Both Mondelez and Merck then sued their respective insurers. The insurers argued that the attack had been attributed to the Russian government by many different countries, including the US, and pointed out that in previous insurance disputes about whether events such as plane hijackings or missile attacks were covered by insurance, the question of whether a sovereign power or military was behind the incident was usually crucial to determining whether something was war or not.
Meanwhile, Mondelez and Merck disputed that NotPetya was a “warlike action” and Merck further noted that it is not certain Russia was behind the attack, given the difficulties of definitively attributing cyber attacks to a particular perpetrator.

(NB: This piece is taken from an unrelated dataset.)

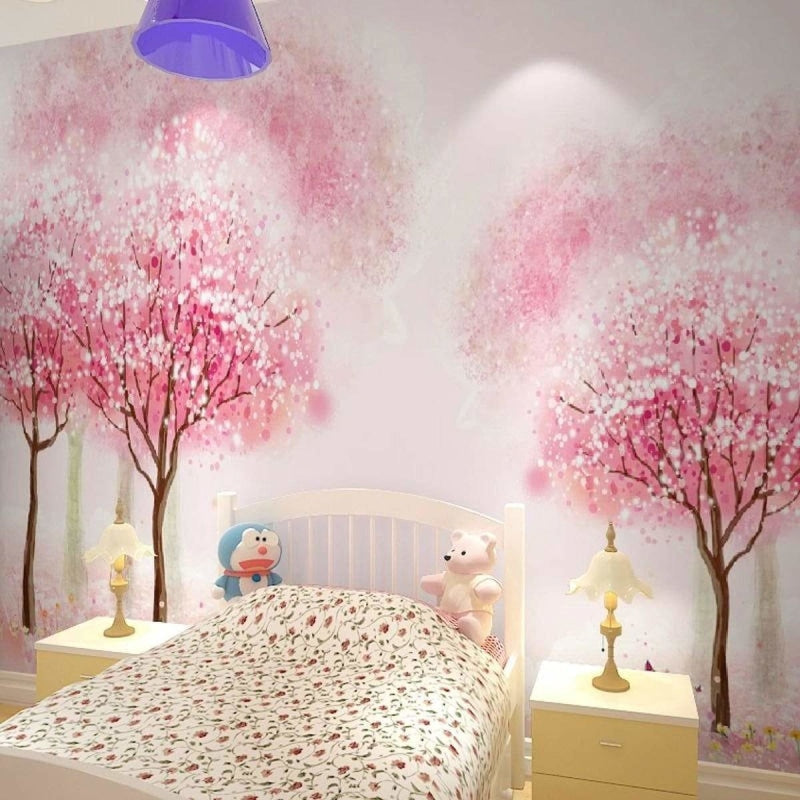 Cherry blossom wall mural creating a peaceful atmosphere in a modern living room with white furniture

The Mondelez case is still pending, but Merck won its case in December, when a New Jersey court found that the insurers could not exclude NotPetya from their coverage because the war exclusion “applied only to traditional forms of warfare”. It was a significant victory for the company but it may not be a long-lived one for others that fall victim to state-sponsored cyber attacks in the future.
Earlier this month, Lloyd’s of London issued a bulletin noting that, “when writing cyber attack risks, underwriters need to take account of the possibility that state backed attacks may occur outside of a war involving physical force”. Since the Merck ruling suggests that these attacks may not be considered sufficiently “warlike” to fall under existing war exclusions, the Lloyd’s bulletin requires underwriters to start explicitly excluding certain types of state-backed cyber attacks from their coverage, especially attacks that “significantly impair the ability of a state to function” or “that significantly impair the security capabilities of a state.”
These new exclusions may help insurers to lower costs in the short term, but they will be bad for the cyber-insurance market in the long term. State-sponsored cyber attacks are now so commonplace that if insurers start refusing to cover them at the same time as governments continue ramping up their cyber capabilities, then companies won’t buy these insurance policies.
Not only will this mean that companies end up less able to recover financially from cyber attacks but it may also make them more likely. There is concern that companies deciding not to buy cyber-insurance may also take fewer security precautions to protect their own data and networks because they no longer have to meet the requirements of their insurers.
Insurers must understand that no one will want to buy (increasingly expensive) policies that don’t cover attacks by some of the most sophisticated and active online adversaries. By only excluding from their coverage those cyber attacks that occur in the context of wars involving physical force, insurers can both better protect their policyholders and also their own business in a world now constantly on alert.